Almost all healthy kids who toe-in or -out as toddlers learn to run, jump, and play sports as they grow up, just the same as kids without gait problems. However, it’s a good idea to point it out to your baby’s doctor, but it’s probably no cause for concern.
In-toeing usually happens when a foot, shin, or thigh twists inward and causes the toes to turn inward too. While intoeing can be genetic, the misalignment often develops when the baby’s feet or legs turn to fit in the cramped space of the womb. If you have a baby, take a look at the sole of your baby’s foot while he’s lying on his back. If the top part (from the middle of the foot to the toes) bends in and the outer edge curves like a half moon, then his intoeing is probably being caused by his curved foot.
Doctors call it metatarsus adductus, and it can be mild and flexible or more severe and rigid. It usually gets better on its own before a baby turns 6 months old. Parents often notice it about the time a baby begins to walk, and it often corrects itself before a child heads to school.
Another common cause of intoeing is a twisted thigh bone (or femur). The condition often doesn’t become obvious until a child is in nursery school, and it usually gets better by the time he’s between 6 and 8 years old.
A lot of doctors and paediatricians advice not to treat it at all however, a few doctors recommend casting, braces, special shoes, and even surgery, but in most cases intoeing corrects itself without any treatment at all. In fact, experts now point out that treatment can inhibit a baby’s ability to play and in some instances even cause other physical problems. (In rare instances, casts or surgery may be required to correct severe intoeing.)
Talk with the doctor if you’re at all concerned about your baby’s intoeing. They can tell you whether it’s something that’s likely to correct itself. (Severe intoeing can resemble clubfoot or accompany other foot problems that need to be addressed.)
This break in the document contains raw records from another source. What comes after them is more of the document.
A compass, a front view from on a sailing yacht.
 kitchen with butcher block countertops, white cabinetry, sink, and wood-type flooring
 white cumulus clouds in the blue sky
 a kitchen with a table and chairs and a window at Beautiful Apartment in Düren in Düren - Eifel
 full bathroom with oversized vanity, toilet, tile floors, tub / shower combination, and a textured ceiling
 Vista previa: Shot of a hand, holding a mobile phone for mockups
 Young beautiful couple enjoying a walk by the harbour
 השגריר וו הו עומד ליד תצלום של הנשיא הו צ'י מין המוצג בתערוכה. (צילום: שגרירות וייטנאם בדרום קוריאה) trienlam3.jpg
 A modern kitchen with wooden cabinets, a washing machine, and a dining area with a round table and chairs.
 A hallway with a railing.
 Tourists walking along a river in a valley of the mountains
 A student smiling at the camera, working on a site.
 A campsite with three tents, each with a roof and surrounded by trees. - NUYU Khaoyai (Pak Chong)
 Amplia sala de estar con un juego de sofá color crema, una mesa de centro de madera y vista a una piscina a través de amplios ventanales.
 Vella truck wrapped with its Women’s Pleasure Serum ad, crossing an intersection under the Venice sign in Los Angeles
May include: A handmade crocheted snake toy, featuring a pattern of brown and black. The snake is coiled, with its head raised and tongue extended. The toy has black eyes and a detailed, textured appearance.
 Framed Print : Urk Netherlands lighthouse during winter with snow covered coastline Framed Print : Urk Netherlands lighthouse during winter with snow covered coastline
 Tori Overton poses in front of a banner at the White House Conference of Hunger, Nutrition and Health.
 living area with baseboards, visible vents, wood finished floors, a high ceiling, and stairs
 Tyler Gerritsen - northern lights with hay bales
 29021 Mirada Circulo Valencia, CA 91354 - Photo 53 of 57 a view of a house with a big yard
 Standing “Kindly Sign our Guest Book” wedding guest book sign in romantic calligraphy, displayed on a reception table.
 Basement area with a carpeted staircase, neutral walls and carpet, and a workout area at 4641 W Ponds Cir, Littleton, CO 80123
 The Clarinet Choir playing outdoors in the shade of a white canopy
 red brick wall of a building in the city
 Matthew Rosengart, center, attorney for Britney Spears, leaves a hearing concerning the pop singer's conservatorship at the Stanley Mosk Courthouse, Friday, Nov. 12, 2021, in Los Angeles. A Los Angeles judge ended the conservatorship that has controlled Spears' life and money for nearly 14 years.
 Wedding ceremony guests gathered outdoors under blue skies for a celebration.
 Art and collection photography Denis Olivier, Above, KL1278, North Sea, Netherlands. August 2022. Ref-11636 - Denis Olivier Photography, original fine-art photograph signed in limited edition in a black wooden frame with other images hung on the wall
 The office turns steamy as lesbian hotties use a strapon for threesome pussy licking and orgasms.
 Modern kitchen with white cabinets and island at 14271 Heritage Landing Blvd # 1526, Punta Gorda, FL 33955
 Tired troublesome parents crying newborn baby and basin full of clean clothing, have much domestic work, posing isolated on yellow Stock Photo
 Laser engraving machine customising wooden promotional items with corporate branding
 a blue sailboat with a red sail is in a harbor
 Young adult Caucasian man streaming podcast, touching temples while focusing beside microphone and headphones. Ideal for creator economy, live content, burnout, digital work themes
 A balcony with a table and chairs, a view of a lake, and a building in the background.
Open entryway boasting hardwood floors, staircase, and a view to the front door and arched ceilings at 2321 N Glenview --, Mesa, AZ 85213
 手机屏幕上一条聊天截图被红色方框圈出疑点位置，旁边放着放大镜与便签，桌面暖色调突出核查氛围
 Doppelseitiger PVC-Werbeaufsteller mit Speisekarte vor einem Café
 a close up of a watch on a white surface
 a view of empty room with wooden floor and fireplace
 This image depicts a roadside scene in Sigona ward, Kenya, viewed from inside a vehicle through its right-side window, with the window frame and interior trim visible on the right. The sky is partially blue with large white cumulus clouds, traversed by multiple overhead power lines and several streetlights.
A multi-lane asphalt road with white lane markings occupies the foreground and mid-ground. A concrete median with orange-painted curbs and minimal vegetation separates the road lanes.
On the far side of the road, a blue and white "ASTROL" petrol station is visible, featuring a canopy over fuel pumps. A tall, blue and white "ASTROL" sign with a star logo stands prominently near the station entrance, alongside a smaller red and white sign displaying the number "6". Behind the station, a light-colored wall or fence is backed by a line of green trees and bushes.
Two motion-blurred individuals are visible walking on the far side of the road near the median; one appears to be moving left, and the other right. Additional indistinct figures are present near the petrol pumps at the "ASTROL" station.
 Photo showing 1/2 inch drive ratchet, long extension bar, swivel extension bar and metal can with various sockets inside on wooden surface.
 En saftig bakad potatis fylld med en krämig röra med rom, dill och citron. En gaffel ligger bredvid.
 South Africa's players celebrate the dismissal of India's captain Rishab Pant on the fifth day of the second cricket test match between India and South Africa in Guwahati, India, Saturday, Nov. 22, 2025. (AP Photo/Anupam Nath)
When your baby is learning to walk and even once he’s young and running he may trip as he catches his toes on the opposite heel, but intoeing itself causes no pain. And it won’t affect your child’s athletic ability or cause him to develop arthritis or back trouble later on.
At any time, let the doctor know if you think your child’s in-toeing becomes worse or you notice that his feet or legs aren’t symmetrical. Also take your baby to the doctor if he develops pain, swelling, or a limp after he’s started walking.